Sixty miles later, I’m parking the M2 in my ever-evolving dream garage. It feels fast, handy, and eminently chuckable, just like an M car should

More by accident than design, TG.com also finds itself driving away from the airport late at night in an M2 fitted with the manual gearbox and various bits from BMW’s Performance Parts options list. The optimum spec, perhaps. Ours is white, with black carbon aero add-ons including a very trick looking front splitter, side blades similar to those fitted to Ferrari’s 458 Speciale, and a rear spoiler. But the star turn here is the M Performance exhaust, which is controlled via a Bluetooth connection and can take the car’s exhaust volume from audibly naughty to technically illegal on the road via a little cylindrical device that lives in the recess in the centre console. Push a button at the top to prime, and pin your lugholes back.

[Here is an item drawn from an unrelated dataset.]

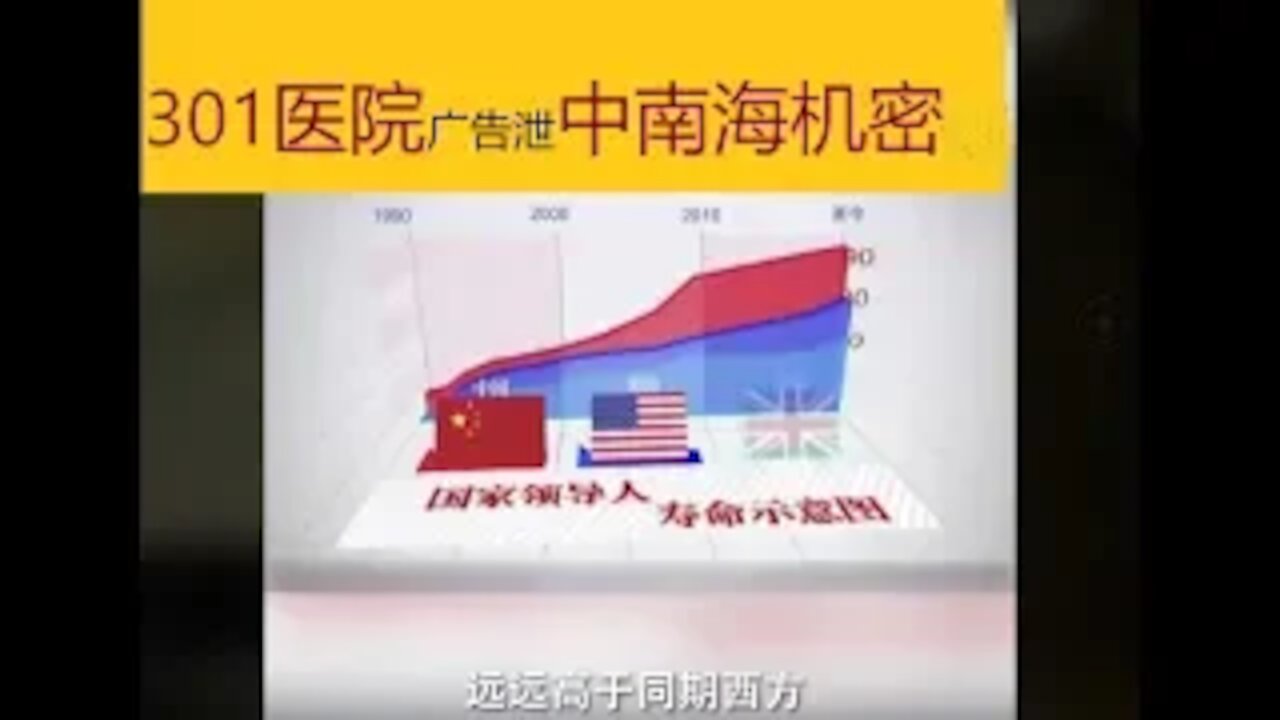 98期（091819）：返老还童 免费医疗 五毛陈军 广告泄密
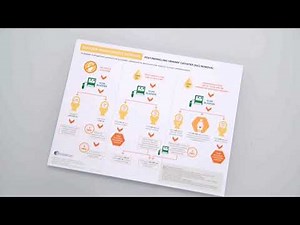 BladderScan Prime Clinical Education and Support Materials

It certainly enlivens the various tunnels that stud the Malaga-to-Estepona motorway, although I’d hold off on one of the other options, the coil-over suspension that drops the ride height by close to an inch and offers 16 rebound and 12 compression settings. Turns out the regular M2 is plenty firm enough, to the extent that it’s finding bits of Spanish black-top to get jiggy with that even a worn-out hire car would sail serenely over.

Jigginess is a price worth paying, though. The M2 immediately feels like a car in which you can do very serious business indeed. The driving position is perfect, the wheel is the familiar fat-rimmed M job that some people grumble about but I personally love, and there’s Alcantara and stitching and a general, overwhelming sense of M-ness.

And it really goes. The engine is a 3.0-litre straight-six, dishing up close to 370bhp and 369 torques, single turbocharged rather than twin, as is the case with the M3 and M4. It also borrows M3 pistons and main bearings. Peak power is at 6500rpm, but the torque arrives in such a relentless wave that you just monster along in a junior supercar kind of way. Sixty miles later, I’m pretty much parking the M2 in my ever-evolving dream garage. It feels fast, handy, and eminently chuckable, just like an M car should.

The next morning brings a trio of potential nemesises (nemesi?), and some ludicrous weather. Fast and handy? The BMW 2002 wrote the book on that. Mind you, the Turbo is a rather different proposition. A mere 1672 were manufactured between 1973 and 1975, and as the first production car to use turbocharging – a technology still in its mewling, kicking infancy back then – it's fair to say the 2002 Turbo’s reputation precedes it (sideways and then backwards). Its KKK turbo and Kugelfischer injection are renowned for needing constant fettling, not to mention a sun-dial to measure the arrival of boost.